> _Work item_
The listing below holds a line with "Condo, Beach, 1 King and 2 Queen Beds, Sofa" and a line with "2013 Toyota Corolla". Reproduce those two lines exactly, plus everything between them.

> _Source data_

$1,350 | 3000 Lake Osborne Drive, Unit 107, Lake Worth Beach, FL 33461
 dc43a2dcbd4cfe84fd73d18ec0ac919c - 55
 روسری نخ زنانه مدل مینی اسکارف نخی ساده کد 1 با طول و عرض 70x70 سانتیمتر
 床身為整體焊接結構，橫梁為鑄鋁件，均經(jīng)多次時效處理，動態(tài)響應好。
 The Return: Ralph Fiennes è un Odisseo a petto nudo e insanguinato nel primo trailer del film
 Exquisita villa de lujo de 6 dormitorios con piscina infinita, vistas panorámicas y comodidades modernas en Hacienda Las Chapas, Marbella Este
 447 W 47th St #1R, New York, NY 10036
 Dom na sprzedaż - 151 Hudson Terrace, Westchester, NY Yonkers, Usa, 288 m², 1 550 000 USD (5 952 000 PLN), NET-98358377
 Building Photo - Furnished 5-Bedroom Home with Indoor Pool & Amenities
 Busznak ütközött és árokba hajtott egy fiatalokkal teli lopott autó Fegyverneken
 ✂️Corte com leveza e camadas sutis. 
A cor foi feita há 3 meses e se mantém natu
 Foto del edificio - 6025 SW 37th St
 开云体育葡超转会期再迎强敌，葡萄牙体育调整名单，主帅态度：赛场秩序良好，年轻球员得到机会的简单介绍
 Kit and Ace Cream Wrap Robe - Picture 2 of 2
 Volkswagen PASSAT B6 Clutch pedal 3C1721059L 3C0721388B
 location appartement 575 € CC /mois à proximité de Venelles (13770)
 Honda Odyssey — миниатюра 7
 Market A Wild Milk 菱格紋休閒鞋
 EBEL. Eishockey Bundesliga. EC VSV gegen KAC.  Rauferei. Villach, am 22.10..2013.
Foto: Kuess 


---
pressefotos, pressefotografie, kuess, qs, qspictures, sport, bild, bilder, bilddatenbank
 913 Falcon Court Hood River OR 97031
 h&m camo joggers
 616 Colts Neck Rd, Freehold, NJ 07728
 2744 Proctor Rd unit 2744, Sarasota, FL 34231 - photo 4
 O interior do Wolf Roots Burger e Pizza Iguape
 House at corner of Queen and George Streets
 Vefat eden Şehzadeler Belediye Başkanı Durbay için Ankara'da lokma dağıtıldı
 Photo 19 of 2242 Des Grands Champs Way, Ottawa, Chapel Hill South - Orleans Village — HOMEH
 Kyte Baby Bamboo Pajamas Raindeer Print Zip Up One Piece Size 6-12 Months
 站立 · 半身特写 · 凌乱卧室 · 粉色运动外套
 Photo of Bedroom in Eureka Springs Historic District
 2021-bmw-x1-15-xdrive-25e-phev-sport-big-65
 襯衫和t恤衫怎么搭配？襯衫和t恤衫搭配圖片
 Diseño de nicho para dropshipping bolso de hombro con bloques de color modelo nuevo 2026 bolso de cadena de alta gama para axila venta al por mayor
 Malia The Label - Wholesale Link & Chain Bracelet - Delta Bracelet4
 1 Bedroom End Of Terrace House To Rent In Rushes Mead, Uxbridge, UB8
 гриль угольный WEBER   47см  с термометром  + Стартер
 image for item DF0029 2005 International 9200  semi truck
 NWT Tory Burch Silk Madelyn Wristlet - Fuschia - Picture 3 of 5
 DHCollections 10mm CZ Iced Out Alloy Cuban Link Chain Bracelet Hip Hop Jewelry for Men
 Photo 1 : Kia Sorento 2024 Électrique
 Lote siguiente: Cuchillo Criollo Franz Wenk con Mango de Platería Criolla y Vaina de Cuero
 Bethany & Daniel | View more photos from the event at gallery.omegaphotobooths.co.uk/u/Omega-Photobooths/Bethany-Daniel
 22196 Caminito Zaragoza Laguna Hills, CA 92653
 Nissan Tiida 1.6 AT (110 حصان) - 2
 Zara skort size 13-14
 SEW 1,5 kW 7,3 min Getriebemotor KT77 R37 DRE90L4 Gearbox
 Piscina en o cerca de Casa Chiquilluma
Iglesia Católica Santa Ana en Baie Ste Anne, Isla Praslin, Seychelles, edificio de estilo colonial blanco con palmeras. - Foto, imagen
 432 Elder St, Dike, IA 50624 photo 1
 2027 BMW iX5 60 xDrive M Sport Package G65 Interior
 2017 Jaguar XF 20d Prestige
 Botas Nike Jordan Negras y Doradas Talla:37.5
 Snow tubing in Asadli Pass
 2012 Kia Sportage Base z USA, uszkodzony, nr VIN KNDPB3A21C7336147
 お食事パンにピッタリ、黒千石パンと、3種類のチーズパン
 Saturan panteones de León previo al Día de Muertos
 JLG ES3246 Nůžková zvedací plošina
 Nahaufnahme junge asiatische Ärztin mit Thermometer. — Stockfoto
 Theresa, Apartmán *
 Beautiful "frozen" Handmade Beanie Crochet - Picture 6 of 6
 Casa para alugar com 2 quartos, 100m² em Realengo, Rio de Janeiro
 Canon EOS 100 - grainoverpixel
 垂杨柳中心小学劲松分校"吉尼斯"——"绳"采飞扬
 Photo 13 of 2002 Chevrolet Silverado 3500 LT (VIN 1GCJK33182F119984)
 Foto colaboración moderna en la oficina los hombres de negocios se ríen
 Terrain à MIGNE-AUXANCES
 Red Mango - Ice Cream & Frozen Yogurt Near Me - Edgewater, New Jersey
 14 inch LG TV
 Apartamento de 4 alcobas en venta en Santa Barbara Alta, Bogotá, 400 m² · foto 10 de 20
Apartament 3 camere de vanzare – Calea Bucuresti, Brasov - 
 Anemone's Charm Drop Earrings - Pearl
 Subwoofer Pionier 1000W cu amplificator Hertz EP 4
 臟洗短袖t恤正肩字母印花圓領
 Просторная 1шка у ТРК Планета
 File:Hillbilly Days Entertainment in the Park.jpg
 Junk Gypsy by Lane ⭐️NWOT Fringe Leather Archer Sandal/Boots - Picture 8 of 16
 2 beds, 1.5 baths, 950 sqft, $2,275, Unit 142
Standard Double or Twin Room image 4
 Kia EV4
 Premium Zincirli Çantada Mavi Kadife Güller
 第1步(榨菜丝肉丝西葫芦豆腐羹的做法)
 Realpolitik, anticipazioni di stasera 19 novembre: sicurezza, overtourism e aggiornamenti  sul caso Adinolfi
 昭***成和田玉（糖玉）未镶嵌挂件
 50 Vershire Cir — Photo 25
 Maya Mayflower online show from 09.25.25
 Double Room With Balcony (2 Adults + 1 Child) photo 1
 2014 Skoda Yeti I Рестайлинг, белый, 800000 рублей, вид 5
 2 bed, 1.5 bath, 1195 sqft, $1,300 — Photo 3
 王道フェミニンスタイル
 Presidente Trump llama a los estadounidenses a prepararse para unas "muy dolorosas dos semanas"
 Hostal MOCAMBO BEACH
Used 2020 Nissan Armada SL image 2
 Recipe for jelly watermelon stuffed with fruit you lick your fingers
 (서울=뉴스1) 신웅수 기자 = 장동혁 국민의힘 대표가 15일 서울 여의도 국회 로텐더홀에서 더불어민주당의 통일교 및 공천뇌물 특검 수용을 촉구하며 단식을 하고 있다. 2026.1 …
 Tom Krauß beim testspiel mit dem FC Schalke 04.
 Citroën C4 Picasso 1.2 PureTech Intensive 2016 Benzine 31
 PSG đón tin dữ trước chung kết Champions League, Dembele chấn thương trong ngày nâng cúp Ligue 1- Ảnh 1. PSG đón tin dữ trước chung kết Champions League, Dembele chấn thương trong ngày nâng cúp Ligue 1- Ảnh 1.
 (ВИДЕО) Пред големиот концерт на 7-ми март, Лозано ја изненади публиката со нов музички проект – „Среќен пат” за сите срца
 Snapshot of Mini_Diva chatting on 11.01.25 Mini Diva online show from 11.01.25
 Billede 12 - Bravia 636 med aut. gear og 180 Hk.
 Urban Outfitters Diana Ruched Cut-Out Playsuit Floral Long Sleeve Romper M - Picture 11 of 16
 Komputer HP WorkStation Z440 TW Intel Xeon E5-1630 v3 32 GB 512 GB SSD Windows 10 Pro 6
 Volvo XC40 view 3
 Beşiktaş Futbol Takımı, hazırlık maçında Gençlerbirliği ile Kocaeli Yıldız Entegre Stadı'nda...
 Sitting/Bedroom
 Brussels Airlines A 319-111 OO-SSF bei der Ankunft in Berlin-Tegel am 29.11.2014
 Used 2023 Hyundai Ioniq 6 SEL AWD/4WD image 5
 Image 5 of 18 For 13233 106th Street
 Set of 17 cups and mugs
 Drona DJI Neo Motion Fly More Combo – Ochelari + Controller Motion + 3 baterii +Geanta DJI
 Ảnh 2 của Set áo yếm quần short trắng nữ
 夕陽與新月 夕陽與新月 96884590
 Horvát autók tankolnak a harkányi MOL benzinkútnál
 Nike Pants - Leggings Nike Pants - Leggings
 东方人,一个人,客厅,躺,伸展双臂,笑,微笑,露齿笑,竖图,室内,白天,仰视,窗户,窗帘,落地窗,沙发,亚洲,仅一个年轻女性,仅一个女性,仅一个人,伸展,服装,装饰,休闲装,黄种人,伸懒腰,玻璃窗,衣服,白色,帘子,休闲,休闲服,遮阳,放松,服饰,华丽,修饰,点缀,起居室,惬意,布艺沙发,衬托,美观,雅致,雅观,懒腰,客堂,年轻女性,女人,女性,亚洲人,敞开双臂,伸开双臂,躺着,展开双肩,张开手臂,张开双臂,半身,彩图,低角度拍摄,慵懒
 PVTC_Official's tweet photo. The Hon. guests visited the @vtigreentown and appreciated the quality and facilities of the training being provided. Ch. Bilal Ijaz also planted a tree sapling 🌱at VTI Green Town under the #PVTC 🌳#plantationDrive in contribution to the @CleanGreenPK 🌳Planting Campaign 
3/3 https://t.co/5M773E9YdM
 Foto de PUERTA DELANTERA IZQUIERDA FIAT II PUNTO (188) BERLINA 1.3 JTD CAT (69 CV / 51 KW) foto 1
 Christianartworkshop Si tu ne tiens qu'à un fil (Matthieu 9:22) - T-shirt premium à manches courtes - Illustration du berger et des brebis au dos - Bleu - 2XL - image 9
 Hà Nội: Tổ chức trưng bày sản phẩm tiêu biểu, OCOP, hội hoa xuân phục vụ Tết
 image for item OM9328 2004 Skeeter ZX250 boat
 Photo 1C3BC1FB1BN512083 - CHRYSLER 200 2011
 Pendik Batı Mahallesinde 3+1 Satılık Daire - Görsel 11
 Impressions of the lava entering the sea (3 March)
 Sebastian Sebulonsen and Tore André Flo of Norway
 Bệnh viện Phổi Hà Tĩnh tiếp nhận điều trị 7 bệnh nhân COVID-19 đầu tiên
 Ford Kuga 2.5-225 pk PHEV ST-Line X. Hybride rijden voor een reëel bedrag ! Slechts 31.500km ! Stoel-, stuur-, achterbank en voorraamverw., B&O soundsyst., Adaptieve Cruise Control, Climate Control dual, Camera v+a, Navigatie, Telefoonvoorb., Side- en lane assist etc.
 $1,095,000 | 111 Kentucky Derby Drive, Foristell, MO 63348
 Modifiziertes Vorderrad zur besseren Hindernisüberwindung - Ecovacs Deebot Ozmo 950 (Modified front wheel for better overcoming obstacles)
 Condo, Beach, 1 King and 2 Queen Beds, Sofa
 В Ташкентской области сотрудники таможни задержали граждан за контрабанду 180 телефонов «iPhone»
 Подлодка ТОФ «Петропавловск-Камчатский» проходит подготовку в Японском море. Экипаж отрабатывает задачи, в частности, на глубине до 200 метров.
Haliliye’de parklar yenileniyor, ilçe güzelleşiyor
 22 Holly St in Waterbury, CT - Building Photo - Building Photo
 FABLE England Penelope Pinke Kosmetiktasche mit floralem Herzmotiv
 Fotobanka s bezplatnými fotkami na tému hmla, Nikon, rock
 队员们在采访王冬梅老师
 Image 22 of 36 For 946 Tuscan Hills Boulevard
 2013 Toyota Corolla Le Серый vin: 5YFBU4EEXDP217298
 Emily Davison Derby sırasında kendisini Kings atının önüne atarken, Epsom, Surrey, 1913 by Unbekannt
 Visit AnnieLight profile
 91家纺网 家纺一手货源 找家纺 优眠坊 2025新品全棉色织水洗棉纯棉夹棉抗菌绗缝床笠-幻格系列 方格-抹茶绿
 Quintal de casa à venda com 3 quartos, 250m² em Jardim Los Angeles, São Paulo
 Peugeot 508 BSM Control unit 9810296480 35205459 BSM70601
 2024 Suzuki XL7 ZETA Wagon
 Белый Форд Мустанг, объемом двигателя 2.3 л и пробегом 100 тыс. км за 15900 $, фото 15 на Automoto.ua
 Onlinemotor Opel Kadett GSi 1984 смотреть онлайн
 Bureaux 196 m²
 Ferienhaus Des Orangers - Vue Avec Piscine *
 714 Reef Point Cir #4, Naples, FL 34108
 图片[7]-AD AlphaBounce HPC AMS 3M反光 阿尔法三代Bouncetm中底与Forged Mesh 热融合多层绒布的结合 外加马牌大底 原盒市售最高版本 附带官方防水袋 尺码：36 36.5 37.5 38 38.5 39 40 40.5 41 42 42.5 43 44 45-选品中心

> _Task answer_
 Condo, Beach, 1 King and 2 Queen Beds, Sofa
 В Ташкентской области сотрудники таможни задержали граждан за контрабанду 180 телефонов «iPhone»
 Подлодка ТОФ «Петропавловск-Камчатский» проходит подготовку в Японском море. Экипаж отрабатывает задачи, в частности, на глубине до 200 метров.
Haliliye’de parklar yenileniyor, ilçe güzelleşiyor
 22 Holly St in Waterbury, CT - Building Photo - Building Photo
 FABLE England Penelope Pinke Kosmetiktasche mit floralem Herzmotiv
 Fotobanka s bezplatnými fotkami na tému hmla, Nikon, rock
 队员们在采访王冬梅老师
 Image 22 of 36 For 946 Tuscan Hills Boulevard
 2013 Toyota Corolla Le Серый vin: 5YFBU4EEXDP217298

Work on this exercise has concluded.